— Work instructions —
Pictures stay out of the copy; output exactly the lines from the one containing "Rainbow Polygonal Seahorse" through the end of the material.

— Data excerpts —

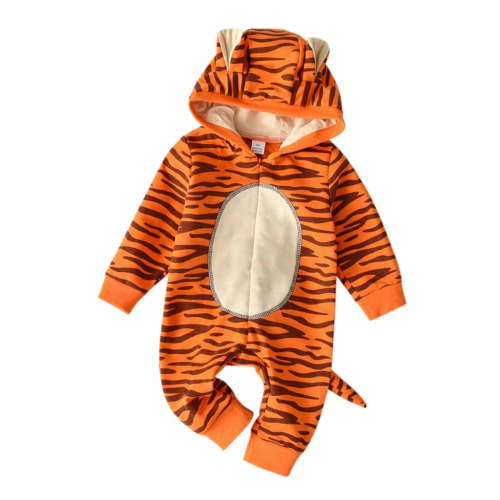 Tisuna Newborn Girls Boys Romper Cartoon Tiger Print Long Sleeve Hooded Jumpsuit Fashion Cute Autumn Winter Kids Bodysuit Orange Size 3-6 Months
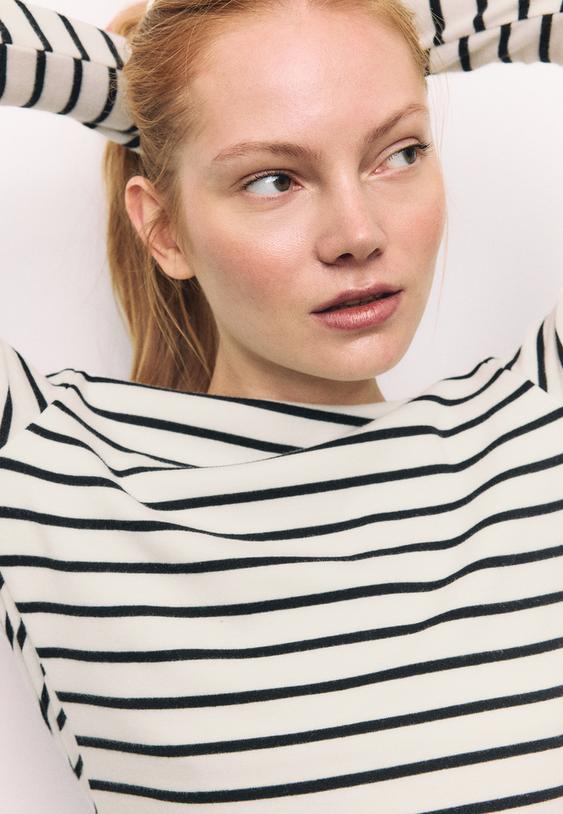 camiseta basica manga larga rayas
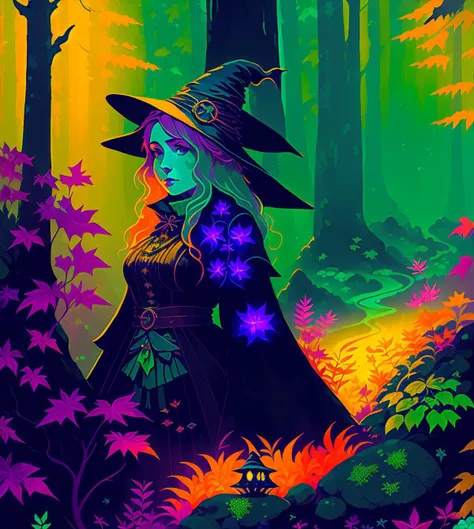 (((a female witch))) in a mysterious forest, colorfull, fantasy, steaming hot pot, owl, trees, landscape, sunset colors, mist, ferns, (((bioluminescent musrooms))), plants, wines, 512paintstyle3-light, rzminjourney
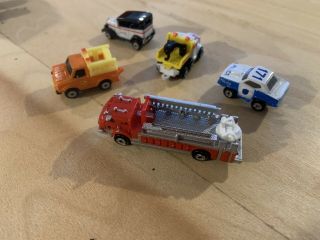 5 Micro Machines Road Service Rescue Truck,  Police Cars Firetruck,  & Tow Truck
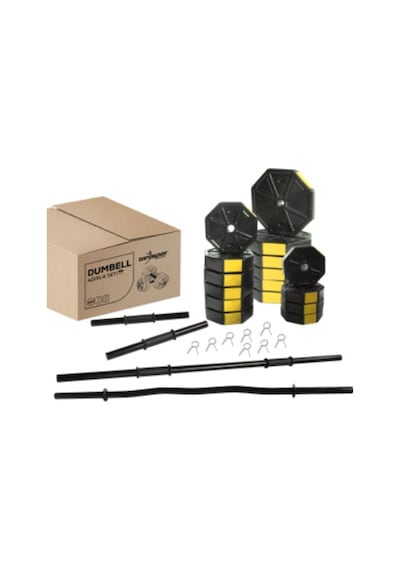 Tanspor 100 KG Halter Full Kısa + Uzun Düz + Z Bar Set-SARI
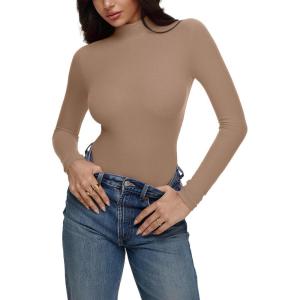 imageREORIA Womens Turtleneck Tops Slim Ribbed Knit Basic Mock Neck Long Sleeve Shirts 2025 Fall Winter Layering OutfitsKhaki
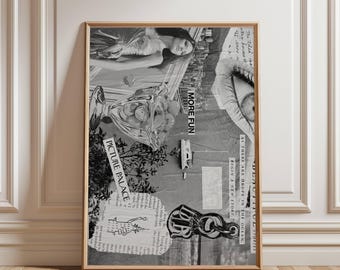 Vintage Fashion Collage Art Print: Parisian Chic Wall Decor (Digital Download)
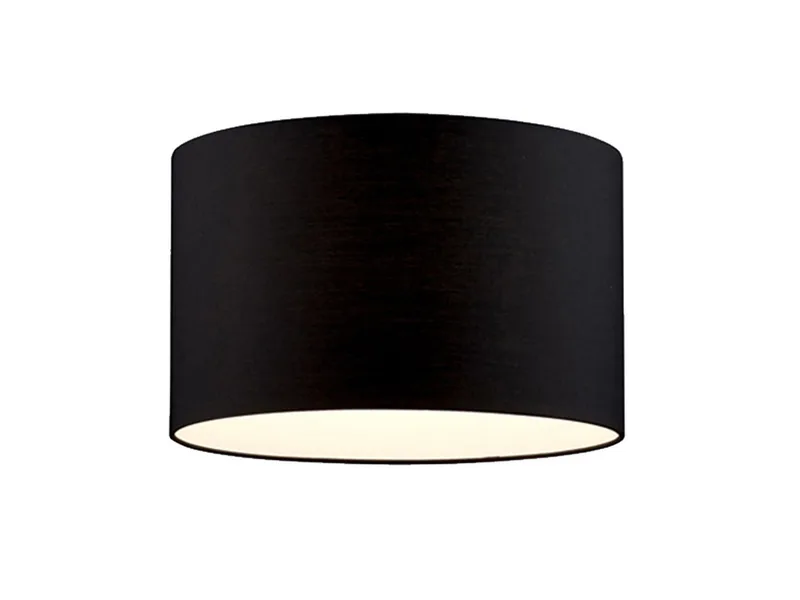 Lampenschirm aus Stoff Ø 40cm für E27 Fassung, großer Stoffschirm rund für Stehlampen, Bogenlampen, Hängelampe de Trio en Noir – photo produit
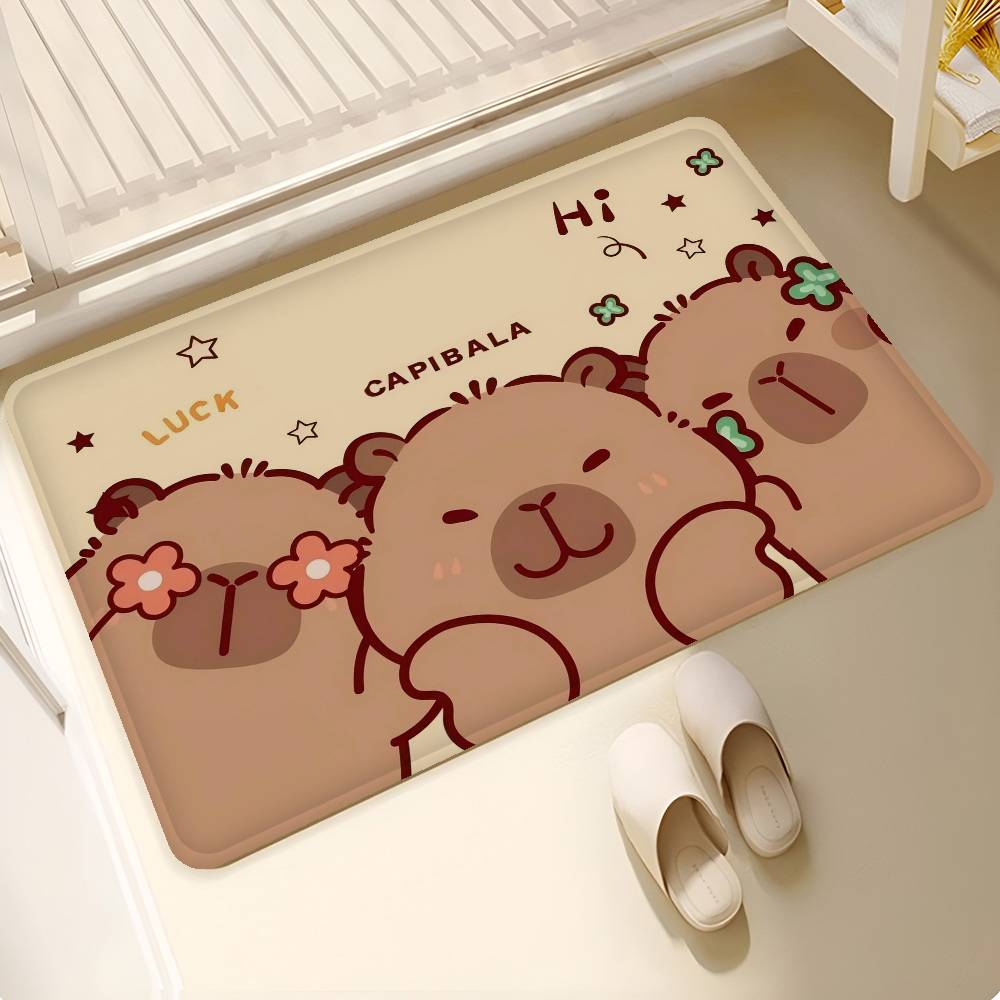 Interesting Capybara Bathroom Mat INS Style Soft Bedroom Floor House Laundry Room Mat Anti-skid Welcome Doormat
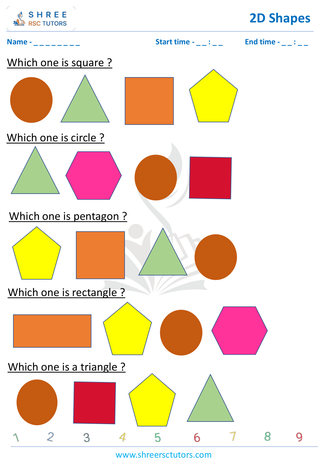 Grade 1  Maths worksheet: Grasping 2D shapes - Identify 2D Shapes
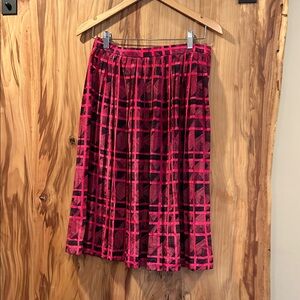 breckenridge Pink and Black Plaid Midi Skirt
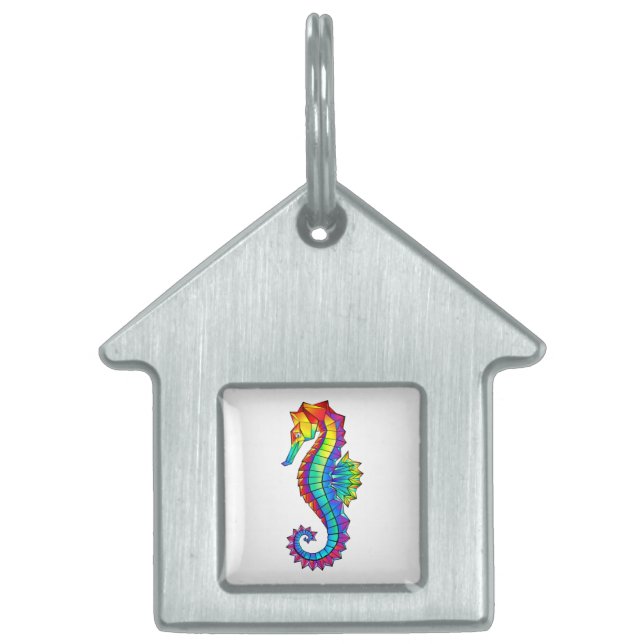 Rainbow Polygonal Seahorse Pet ID Tag (Front)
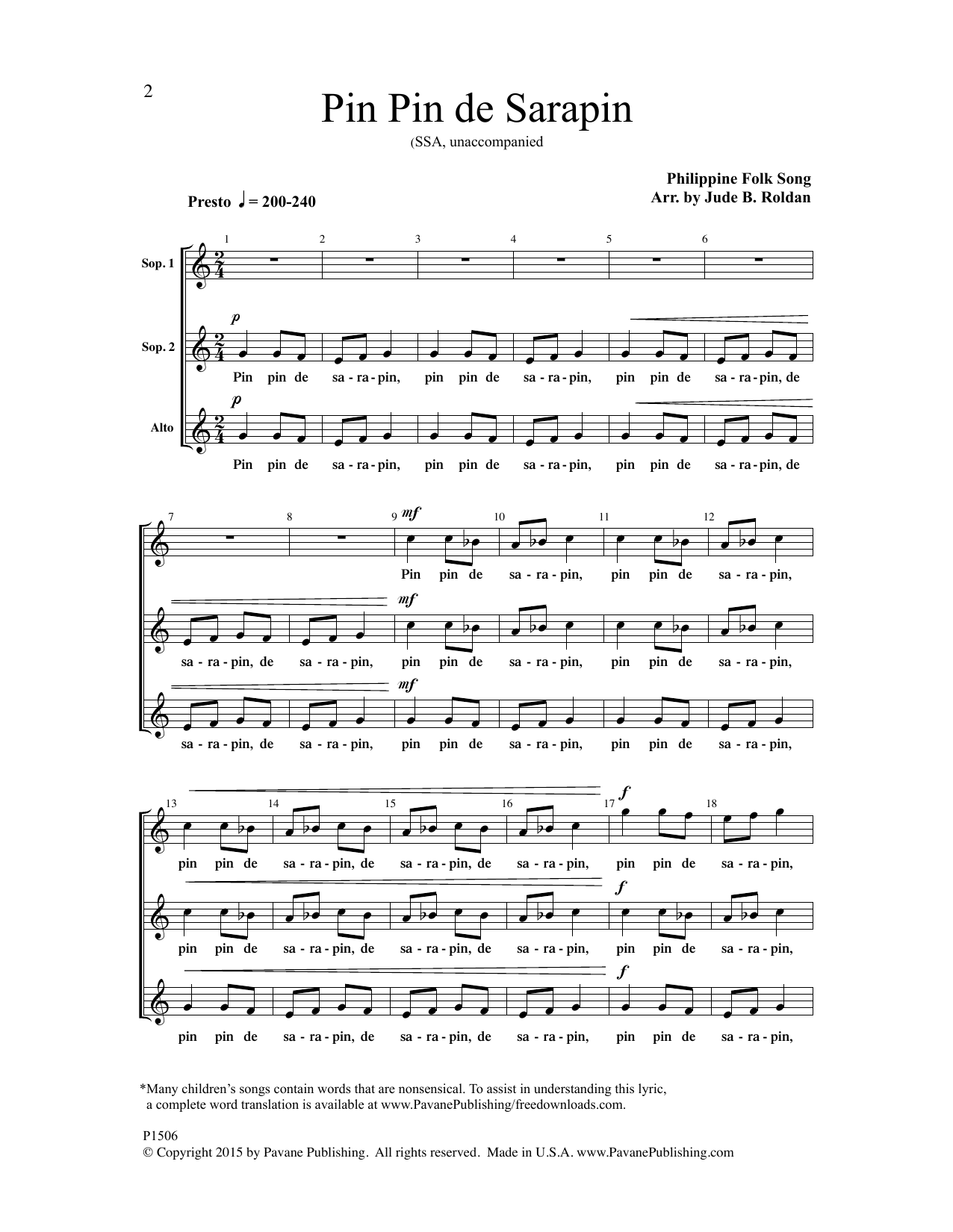 Jude B. Roldan Pin Pin de Sarapin sheet music notes and chords arranged for SSA Choir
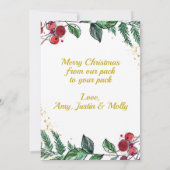 Pas getrouwd Coupel met hond met kerstmis met bloe (Achterkant)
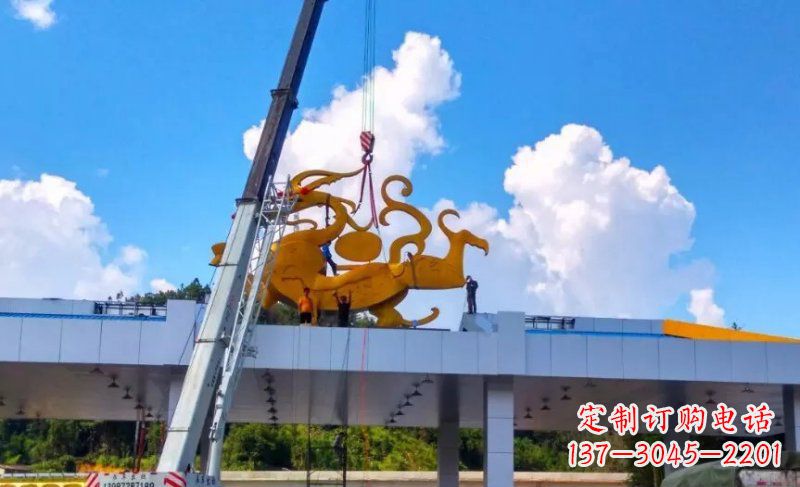 安阳城市不锈钢抽象飞龙雕塑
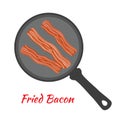 English breakfast - fried bacon on pan. Cartoon flat style. Vector illustration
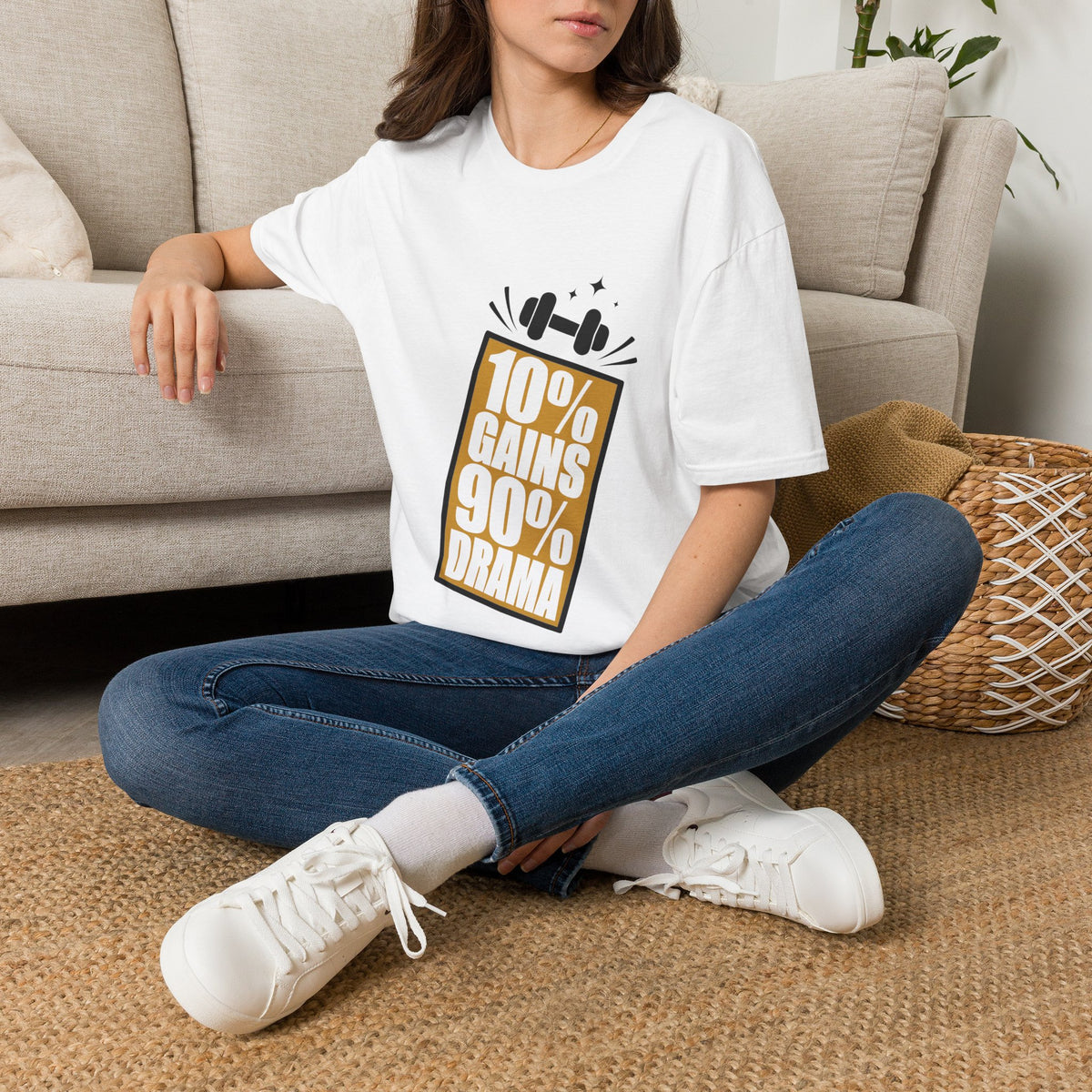 10% Gains 90% Drama Gold Barbell T-Shirt - Minimalist Funny Gym Graphic Tee - Trending Now - September 2026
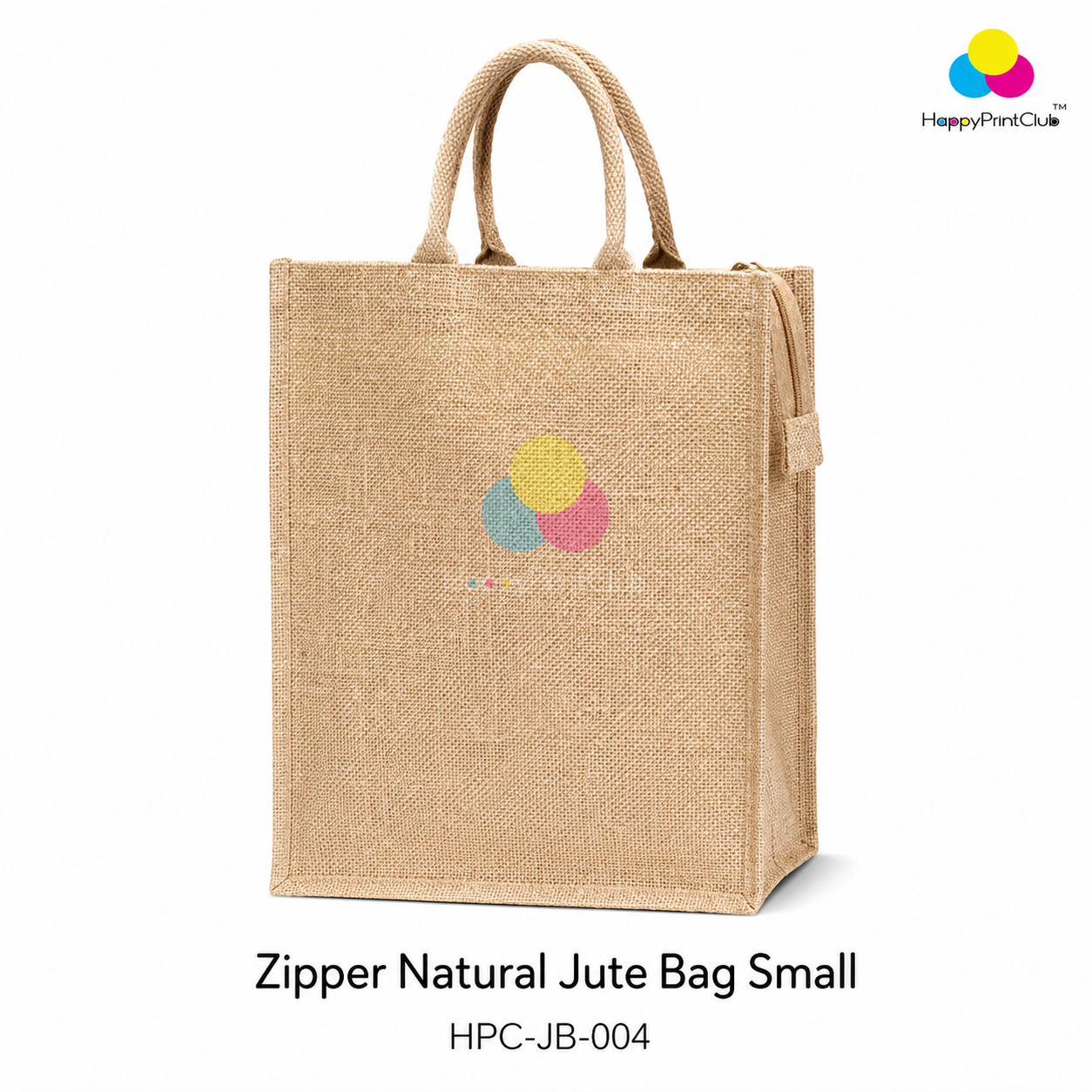 Zipper Natural Jute Bag Small For Corporate Gifting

— Output for this task —
 Rainbow Polygonal Seahorse Pet ID Tag (Front)
 Jude B. Roldan Pin Pin de Sarapin sheet music notes and chords arranged for SSA Choir
 Pas getrouwd Coupel met hond met kerstmis met bloe (Achterkant)
 安阳城市不锈钢抽象飞龙雕塑
 English breakfast - fried bacon on pan. Cartoon flat style. Vector illustration
 10% Gains 90% Drama Gold Barbell T-Shirt - Minimalist Funny Gym Graphic Tee - Trending Now - September 2026
 Zipper Natural Jute Bag Small For Corporate Gifting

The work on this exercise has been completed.